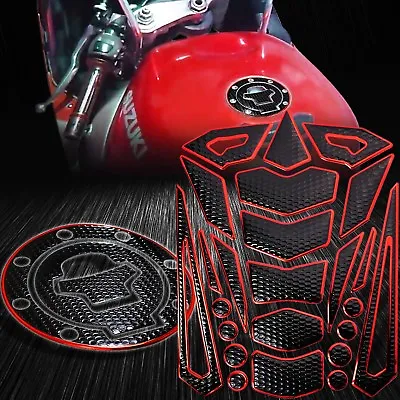 16PC Perforated Gas Tank Pad+Fuel Cap Cover 97-03 GSXR-600/750/1000 Chromed Red • $31.88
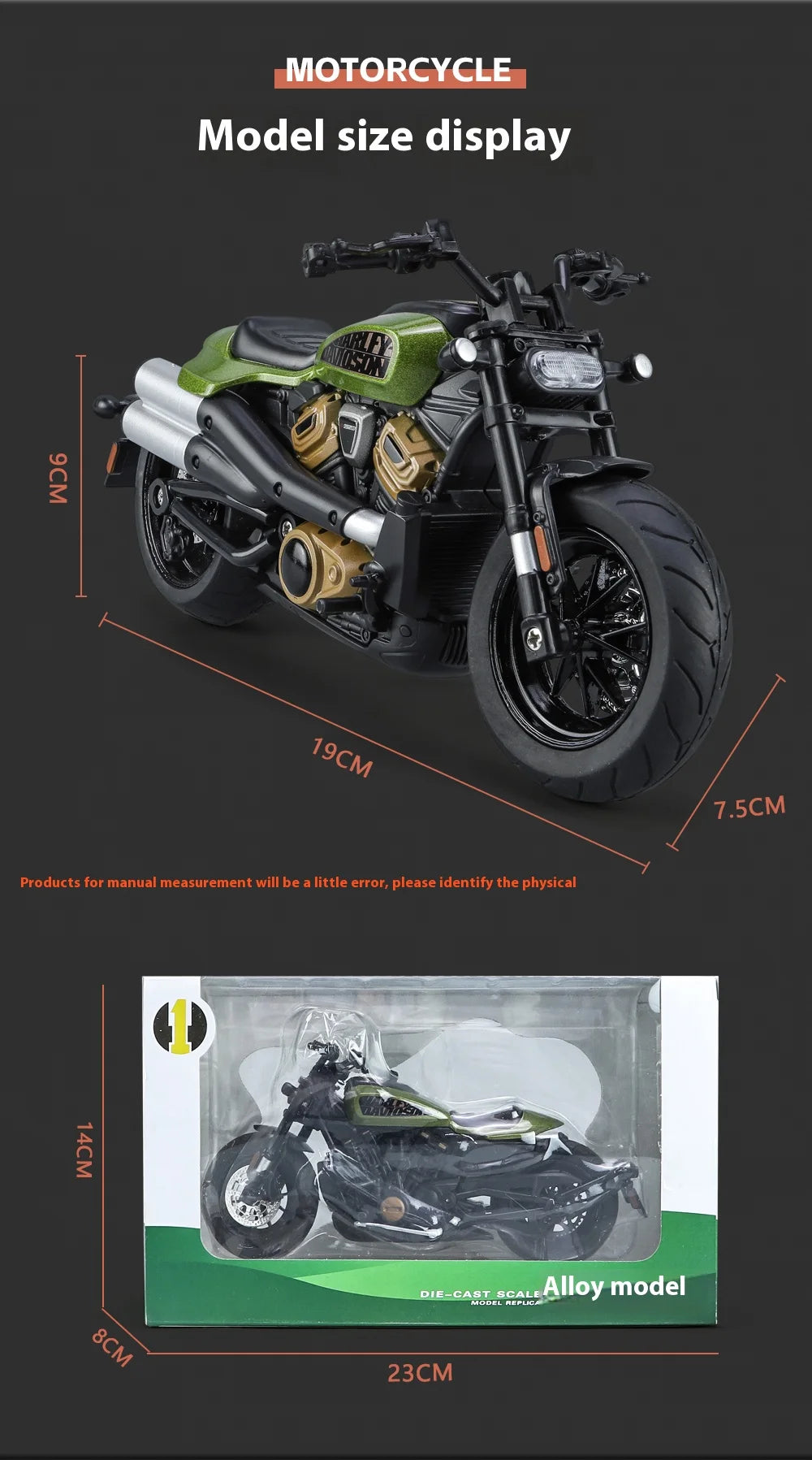 Simulation 1/12 Davidson SPORTSTER-S Off-road Alloy Motorcycle, Model Ornaments for Children Toys for Boys Holiday Gifts
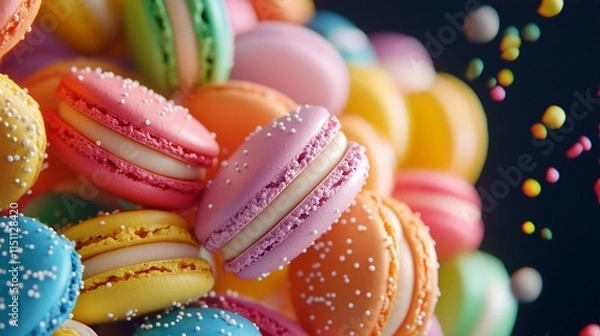 Fototapeta Colorful macarons stacked together, showcasing a variety of pastel hues and decorative sprinkles, creating a vibrant and inviting dessert display.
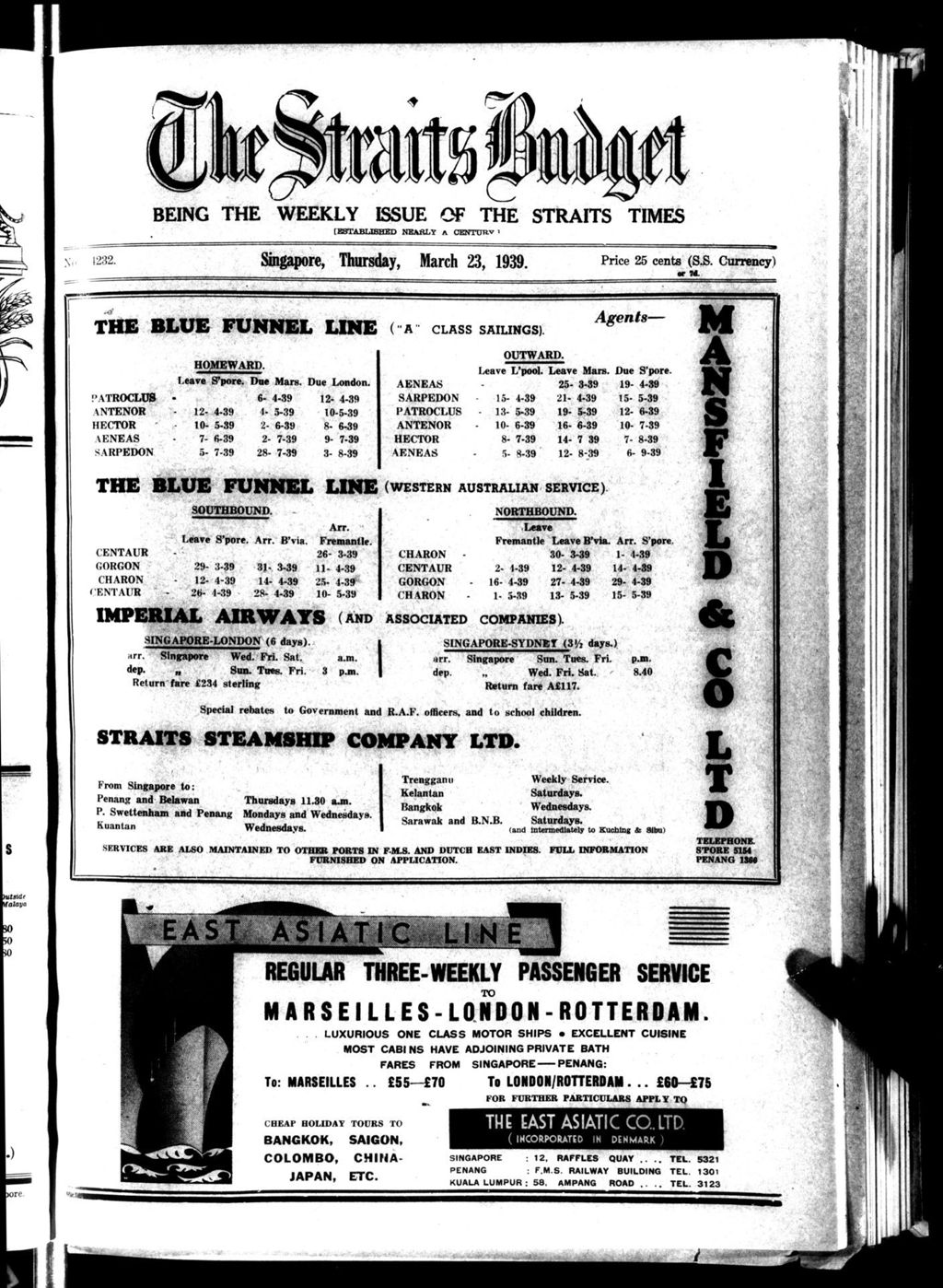 Miniature of Straits Budget 23 March 1939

--*--

## Required action
A faithful, word-for-word copy of the data is needed; the pictures should not appear in it.

## Result for this exercise
 16PC Perforated Gas Tank Pad+Fuel Cap Cover 97-03 GSXR-600/750/1000 Chromed Red • $31.88
 Simulation 1/12 Davidson SPORTSTER-S Off-road Alloy Motorcycle, Model Ornaments for Children Toys for Boys Holiday Gifts
 Fototapeta Colorful macarons stacked together, showcasing a variety of pastel hues and decorative sprinkles, creating a vibrant and inviting dessert display.
 Miniature of Straits Budget 23 March 1939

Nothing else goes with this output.